Published 21 Jul 2025 in cs.CL | (2507.16076v2)

Abstract: Persona prompting is increasingly used in LLMs to simulate views of various sociodemographic groups. However, how a persona prompt is formulated can significantly affect outcomes, raising concerns about the fidelity of such simulations. Using five open-source LLMs, we systematically examine how different persona prompt strategies, specifically role adoption formats and demographic priming strategies, influence LLM simulations across 15 intersectional demographic groups in both open- and closed-ended tasks. Our findings show that LLMs struggle to simulate marginalized groups but that the choice of demographic priming and role adoption strategy significantly impacts their portrayal. Specifically, we find that prompting in an interview-style format and name-based priming can help reduce stereotyping and improve alignment. Surprisingly, smaller models like OLMo-2-7B outperform larger ones such as Llama-3.3-70B. Our findings offer actionable guidance for designing sociodemographic persona prompts in LLM-based simulation studies.

Summary

  • The paper demonstrates that prompt formulation, especially using name-based cues and interview formats, significantly reduces bias in demographic simulations.
  • The study reveals that smaller models can outperform larger ones in representing marginalized groups effectively.
  • The analysis provides actionable strategies for mitigating stereotypes and enhancing semantic diversity in LLM outputs.

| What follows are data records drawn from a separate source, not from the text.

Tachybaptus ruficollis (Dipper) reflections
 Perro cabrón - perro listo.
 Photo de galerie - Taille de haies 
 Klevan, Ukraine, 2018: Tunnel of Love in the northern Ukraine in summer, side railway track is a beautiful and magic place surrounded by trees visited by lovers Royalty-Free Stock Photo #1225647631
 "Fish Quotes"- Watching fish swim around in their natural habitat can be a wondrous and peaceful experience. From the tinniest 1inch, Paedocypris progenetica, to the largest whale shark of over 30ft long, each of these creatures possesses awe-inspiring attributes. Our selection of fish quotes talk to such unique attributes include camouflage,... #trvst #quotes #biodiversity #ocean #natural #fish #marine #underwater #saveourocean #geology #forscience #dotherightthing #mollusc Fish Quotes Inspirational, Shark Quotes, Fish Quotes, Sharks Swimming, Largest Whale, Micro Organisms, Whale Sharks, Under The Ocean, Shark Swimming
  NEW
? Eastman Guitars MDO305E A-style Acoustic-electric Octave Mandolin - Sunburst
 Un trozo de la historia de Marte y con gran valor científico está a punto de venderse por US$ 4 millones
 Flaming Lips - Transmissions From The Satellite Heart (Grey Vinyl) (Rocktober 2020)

The Prompt Makes the Person(a): A Systematic Evaluation of Sociodemographic Persona Prompting for LLMs

Introduction

Persona prompting is a technique used to steer the behavior of LLMs to emulate the perspectives of specified sociodemographic groups. The formulation of such prompts can significantly impact the outcomes, affecting the fidelity of demographic simulations. This paper systematically examines the influence of different persona prompt strategies—including role adoption formats and demographic priming—on LLMs when simulating various intersectional demographic groups. Using five open-source LLMs, the investigation analyzed both open- and closed-ended tasks.

Evaluation Framework

The study constructed a framework employing combinations of three role adoption formats and three demographic priming strategies across several sociodemographic groups. The role adoption formats included direct instructions, third-person narrative, and an interview-style format. Demographic priming was achieved through implicit cues (names), explicit demographic descriptors, and structured demographic categories. Figure 1

Figure 1: Evaluation Framework for Sociodemographic Persona Prompting.

Results and Analyses

Demographic Representativeness

LLMs in the study struggled to consistently simulate marginalized groups, with simulations often skewed by stereotypes. Nonbinary, Hispanic, and Middle Eastern personas elicited more stereotypical responses than others. However, employing names and an interview-style format substantially reduced these biases and improved demographic alignment. Of particular note was the observation that smaller models (e.g., OLMo-2-7B) outperformed larger ones (e.g., Llama-3.3-70B) in simulating demographic groups effectively. Figure 2

Figure 2: Opinion distance on OpinionsQA with improved opinion distance using the interview format.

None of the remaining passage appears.